The last part is crucial. While exercise and engagement are manna for the mind, stress is more like Kryptonite.
Studies in humans and animals indicate that stress hormones can inhibit the formation of new cells and connections in the memory centers of the brain and that chronic stress increases risk for Alzheimer’s.
According to Ms. Lucas, increased stress also corresponds with increased inflammation and an overall decrease in physical well-being, ranging from digestive problems to overloaded adrenal and nervous systems to cardiovascular issues — none of which is conducive to mental clarity.
“We think that mental aging actually has a lot to do with your cardiovascular system,” Mr. Tseng said. “At the end of the day, the heart is the engine of the body, and when your brain doesn’t receive blood, you’re missing oxygen and nutrients.”

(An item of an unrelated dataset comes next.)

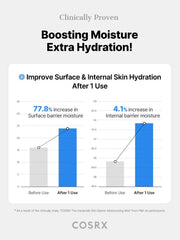 The Ceramide Skin Barrier Moisturizing Mist official English detail panel 8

During his previous managing gigs in New York, Baltimore and Los Angeles, Mr. Johnson was known for being irascible — particularly when butting heads with team ownership. Though he can seem more placid with the Nationals, even soft-spoken, he laughs off suggestions that he has mellowed.
“The stress is the same; I just tend to keep it in,” Mr. Johnson said.
How does Mr. Johnson cope?
By focusing on solving problems. And by living — and worrying — in the present. “My wife will be worried about where we are going in six months, what beach we’re going to lie on, what country we’ll be in,” he said. “I’m in the now. I’m aware of tomorrow, but only because what you do today will affect it. That’s as far as I go, and I’m comfortable with that.”
Though taking matters “one game at a time” is perhaps the hoariest of athletic cliches, Ms. Lucas said that a solution-seeking, now-oriented approach is highly effective in reducing stress and anxiety, in part because of neuroplasticity. To wit: Researchers at the University of Wisconsin have found that Tibetan monks are able to alter the physical structure of their brains through meditative practice and that habitual meditation reduces the size of an area of the brain that controls fear and is linked to aggression.
Over the course of the Nationals’ season, Mr. Johnson’s players repeatedly have praised his keen intelligence, astute observation, calm demeanor and ability to connect — his ability to stay ahead of the curve. Are white and gray matter the hidden reasons?
Mr. Santangelo has a simpler explanation.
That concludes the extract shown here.